National Intelligence and, for example, the Five Eyes and other international intelligence gathering bodies have a role in fighting this crime. For example, in peacekeeping and conflict pre-deployment training, the US and British Army introduced the identification of human trafficking. It has also been introduced into smaller military nations' curricula, like the Irish Defence Forces. Sanctions and wider introduction of measures like the US Customs and Border Protection withhold release orders and the introduction of a list of rogue traders will send a clear message: human trafficking must be prevented. And red flags on finance, and for example, new styles of red flags such as airlines making compulsory notifications of multiple one-way flights for women and girls using the same IP address or payment card, have previously proven to be incredibly useful.

Importantly, point six is moral leadership, something we must all strive to do. We must be courageous to face change, recognise systems are not working and collectively nurture and, where necessary, require change to become the norm.

Now, I recognize that these are large and complex challenges. You may be asking—how are you going to make this happen?

This is where you come in.

To deliver on these goals Santa Marta Group is launching a new partnership with the G20 Interfaith Forum called “30-by-30”. The goal is for members countries to collectively invest US$30 billion annually in the fight against human trafficking and modern slavery by 2030. This might sound like an incredible sum, but it is just a fraction of US$150 billion profit that criminals make off human trafficking annually. We must give statutory bodies the funds they need to work better in prevention, detection, robust intelligence gathering, and deploying against evil traffickers. The G20 Interfaith Forum and Santa Marta Group believe that the G20, representing 80 per cent of the world GDP and 66 per cent of the world population, is the right platform to bring global change. While the world's leaders have included human trafficking or business transparency in their G20 declaration since 2018, now is the time to deliver. Move words into action.

The time is overdue for change; a quarter of a century in failing to stem this crime is long enough to recognise we need different tools, systems and approaches. This crime, unlike others, has many opportunities for prevention and intervention during preparatory acts, such as conspiracy, racketeering, RICO-type offences or aiding and abetting. However, it is crucial to disincentivise these crimes by removing all the financial benefits and placing fear into the mere thought of committing human trafficking or modern slavery.
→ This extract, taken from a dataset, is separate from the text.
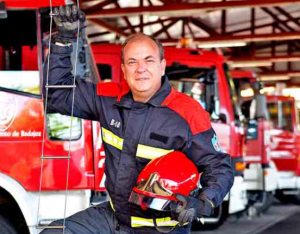 José Antonio Monago - De bombero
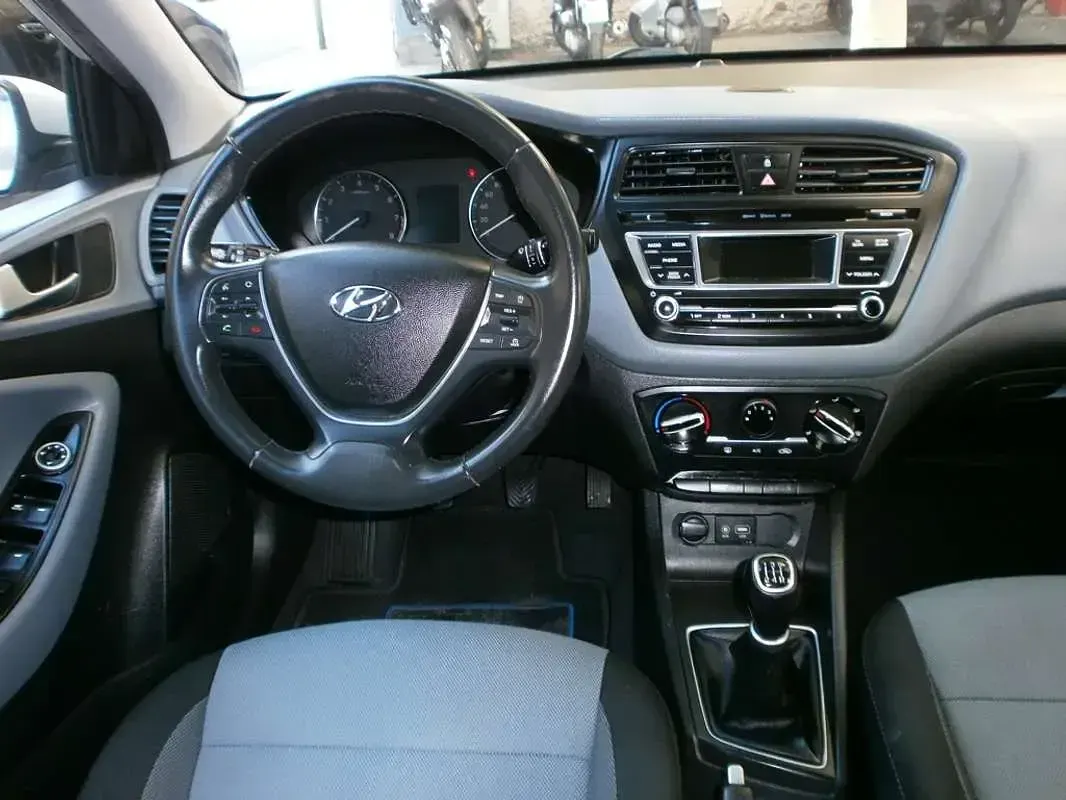Usado Hyundai i20 84 CV (61 kW) 2017 Plateado Utilitario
This must become a priority for businesses, governments, communities and the criminal justice sector so future generations are not left with a legacy of failure to respond effectively to trading in human exploitation.

Actions, not merely words, are needed. But it will take great leadership, proper investment, and political will.

The Santa Marta Group knows that leaders like you are going to be the key to seeing meaningful change.

That is why, the Santa Marta Group, on behalf of His Holiness and in coordination with AGA, will be organising a strategic planning meeting at the Vatican in Rome and would like to invite state Attorneys General to participate. We want to bring the best of the world’s chief law enforcement officers together to turn the tide on this crime.

Without US involvement and its leaders in justice, suppressing human trafficking and modern slavery will only be a pipe dream. We collectively have the privilege of service so that this vilest of crimes is finally cast into history for generations to come, and the paradigm changes;

‘From a crime that is a profitable enterprise – to one you fear to commit.’

I look forward to seeing many of you again at the Vatican and look forward to all we will accomplish together.